What is needed to make this work is to read from the MySQL relay log, ahead of the SQL Slave Replication thread, and convert the UPDATE, INSERT or DELETE statement to a SELECT, and then execute that SELECT statements. As I said, I didn't invent this, but I wanted to try it out. Hence you can now download slavereadahead 1.0 from Sourceforge. This is a really simple piece of software that just what I describe above. But before you get started, let me tell you some caveats:

  • I am NOT reading directly from the MySQL relay log files, rather, I use the output from the SHOW RELAYLOG EVENTS command, which means you have to be running MySQL 5.5 or up.
  • Because of the above, not all statements will be available to cache, as row-based events are not shown properly in this case.
  • Also, it might be the case, but I have not tested this, that the overhead of doing this through the server cause quite a bit of overhead. I do not know.
Now, I have not tested the effectiveness of the program much. I know it builds and works on Ubuntu 9.x on 64-bit Intel platforms, but that is about it for hard facts. What I have done to compensate for this is to make the program configurable in many ways. The SELECT statements are for example executed by separate threads, you can configure how many you want. If you run out of these threads, the SELECT will be executed by the "main" thread, which means that you can run with no specific SQL threads at all, if you wish. Also, how much ahead I read and how much I read at the time is also configurable.

The algorithm I use for which statements to pick up and execute is pretty simple, and the conversion from INSERT, UPDATE and DELETE into SELECT is also not very fancy. For us here at Recorded Future, it seems to work though. Any errors in the conversion to / execution of SQL statements are silently ignored.

I'd be really glad if someone would try out the usefulness or not of this program. It comes with the standard GNU autobuild setup, i.e. configure / make, and should be easy to get going with. There is also a basic documentation PDF included.

So, download from Sourceforge and try it out!



datacharmer said...

How does this tool differ from Maatkit's mk-slave-prefetch?

Karlsson said...

To be honest, I had all but forgotten about this. So see it as an alternative.
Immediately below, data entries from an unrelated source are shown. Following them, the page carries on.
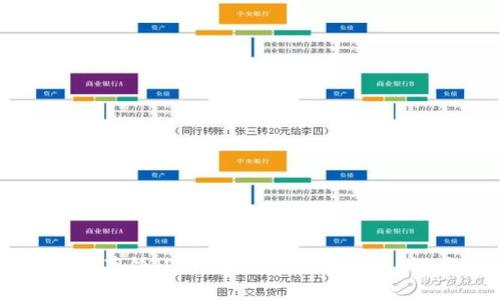 思考和关键词


TPWallet为何缺少薄饼（PancakeSwap）交易？深度解析背后原因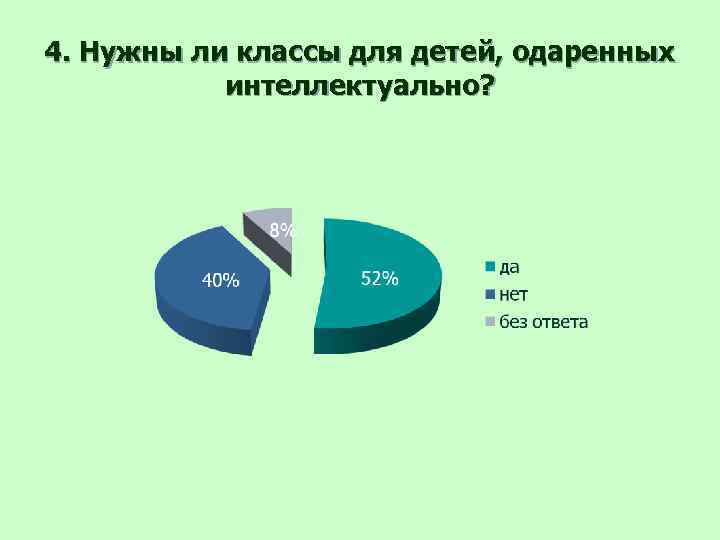 4. Нужны ли классы для детей, одаренных интеллектуально? 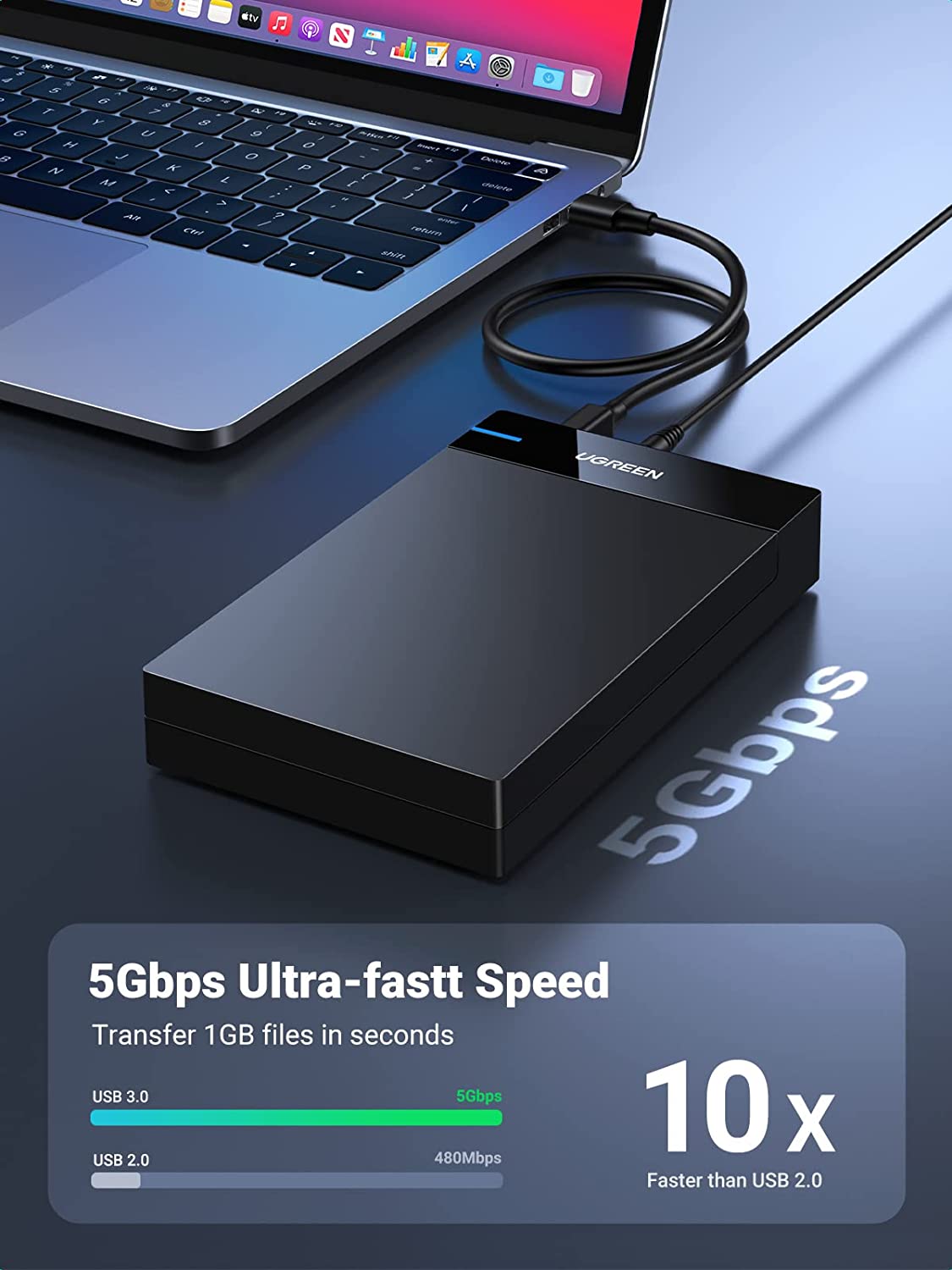 UGREEN External Hard Drive Enclosure for 3.5 2.5 Inch SATA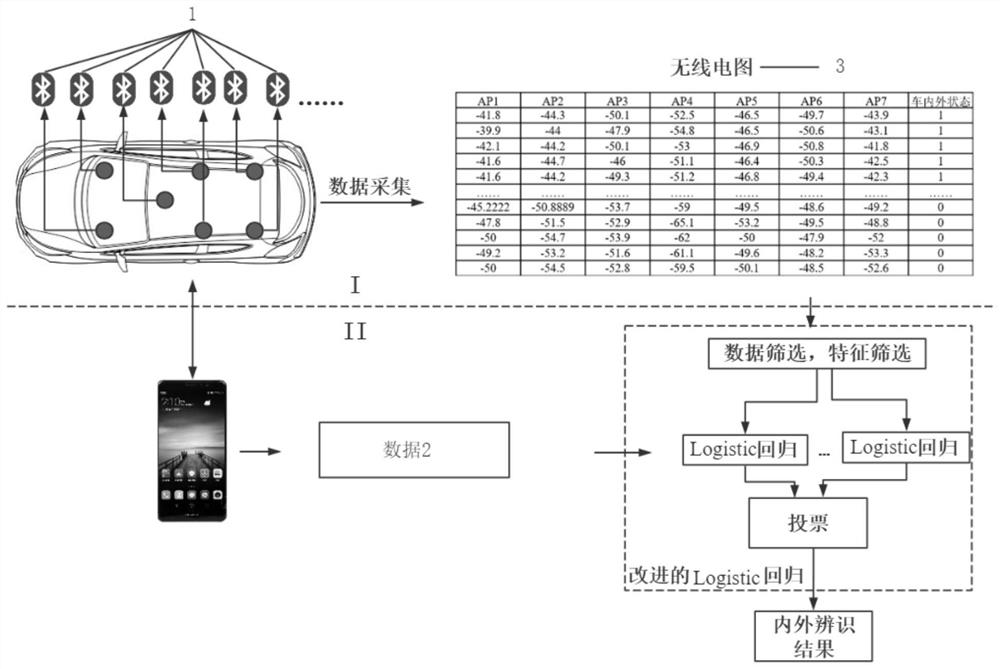 A keyless entry and keyless start system positioning method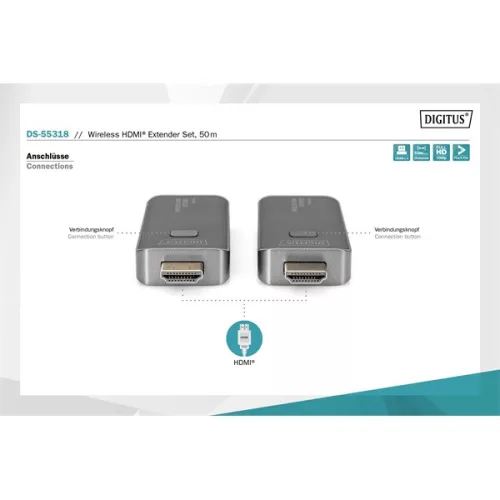 Bezdrôtový HDMI extender DIGITUS DS-55318 50m (vysielač a prijímač)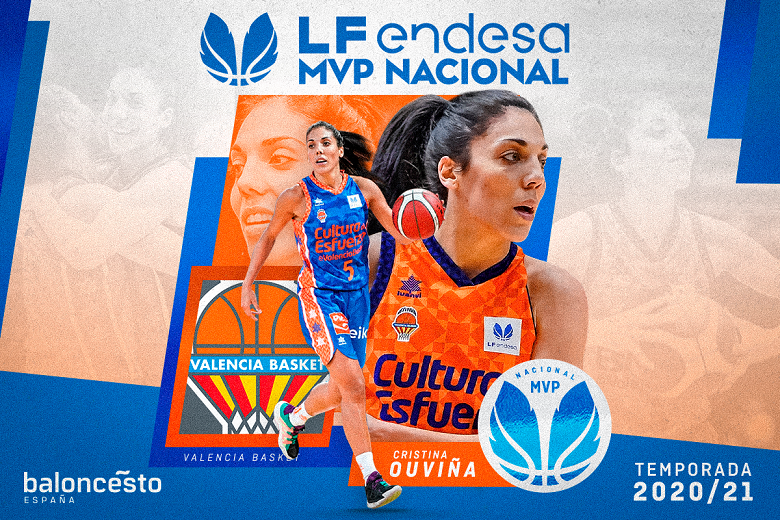 Cristina Ouviña, MVP nacional de la LF Endesa 2020-21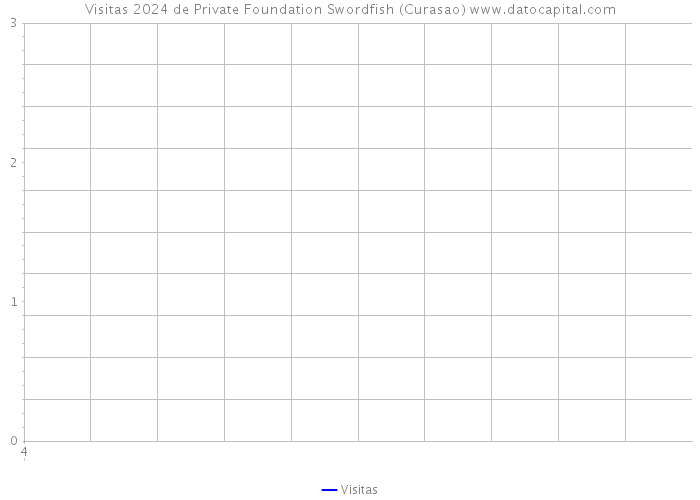 Visitas 2024 de Private Foundation Swordfish (Curasao)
My program is written in C and use the SHOW RELAYLOG EVENTS command, maakkit is written in Perl and reads from the relay log files. Not that much different, I admit. But hey, what's wrong with diversity? The maatkit version has a bunch of more options, and the algorithm is differnt. To me, I like C better for these kind of things, but maybe that just me. Quite possibly it is.


Harrison said...

mk-slave-prefetch is quasi-deprecated, so having more alternatives is better:

Mark Callaghan said...

I can't believe Domas has yet to reply here with a link to the source for his version of it.